Triunfo de la Cruz
Presentamos un extenso trabajo de análisis del filme de Mel Gibson. Se trata de un estudio realizado por un especialista en el arte cinematográfico, que es a la vez un hombre de fe y vastísima cultura. Con un estilo polémico y fuertemente asertivo, desglosa aspectos del filme y su entorno mostrándonos lo que él llama una visión signada por el entusiasmo, recordando la acepción primigenia del término.
Presentamos un extenso trabajo de análisis del filme de Mel Gibson. Se trata de un estudio realizado por un especialista en el arte cinematográfico, que es a la vez un hombre de fe y vastísima cultura.

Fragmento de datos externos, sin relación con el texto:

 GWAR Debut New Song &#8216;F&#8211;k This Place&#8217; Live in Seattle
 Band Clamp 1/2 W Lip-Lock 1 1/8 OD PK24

Con un estilo polémico y fuertemente asertivo, desglosa aspectos del filme y su entorno mostrándonos lo que él llama una visión signada por el entusiasmo, recordando la acepción primigenia del término. Es que solo desde el punto de vista de quien tiene a Dios en sí y ve a la luz de ese estado espiritual se puede profundizar el sentido y los detalles de una obra tan teológicamente rica como profundamente pidadosa y artísticamente bella. Este texto se publicará semanalmente en entregas de dos o tres capítulos.
Por Flavio Mateos
«O Crux, Ave, Spes Unica»
«En materia importante no se puede demostrar, sino mostrar».
Nicolás Gómez Dávila
«Dios nos habla de diversas maneras y por vías muy varias».
Kempis (Imitación de Cristo, L. I Cap. 5)
«Tu película no está hecha para pasear los ojos, sino para penetrar en ella y ser absorbido por entero».
Robert Bresson (Notas sobre el cinematógrafo)
«No hay para el alma representación más hermosa que el recuerdo continuo de la pasión de Cristo».
Kempis (El jardín de las rosas, Cap. XVI)
«Necesitamos que se nos recuerde continuamente aquello en lo que creemos»
C. S. Lewis (Mero Cristianismo)
«Si no es de Dios que hablamos, no es sensato hablar de nada seriamente».
Nicolás Gómez Dávila
EL FUROR DE LOS PROFESORES
«Kirkegor predijo que su enemigo iba a ser siempre «el Profesor»
R. P. L. Castellani (Notas sobre Kirkegor, Nueva crítica literaria)
«Ciertamente, Dios no nos prohibe contemplar un cuadro… pero su deseo es meternos adentro del cuadro……aunque sea rompiendo el cuadro. La misma belleza humana de Cristo es para ser trascendida hacia su Divinidad»
R. P. L. Castellani (Doce parábolas cimarronas)
«Yo soy de oficio poeta, y la Biblia es un libro ante todo poético… yo entiendo que el poeta es el primero llamado a entenderlo. No por cierto en sus detalles lingüísticos o técnicos, pero sí en su conjunto y su sentido»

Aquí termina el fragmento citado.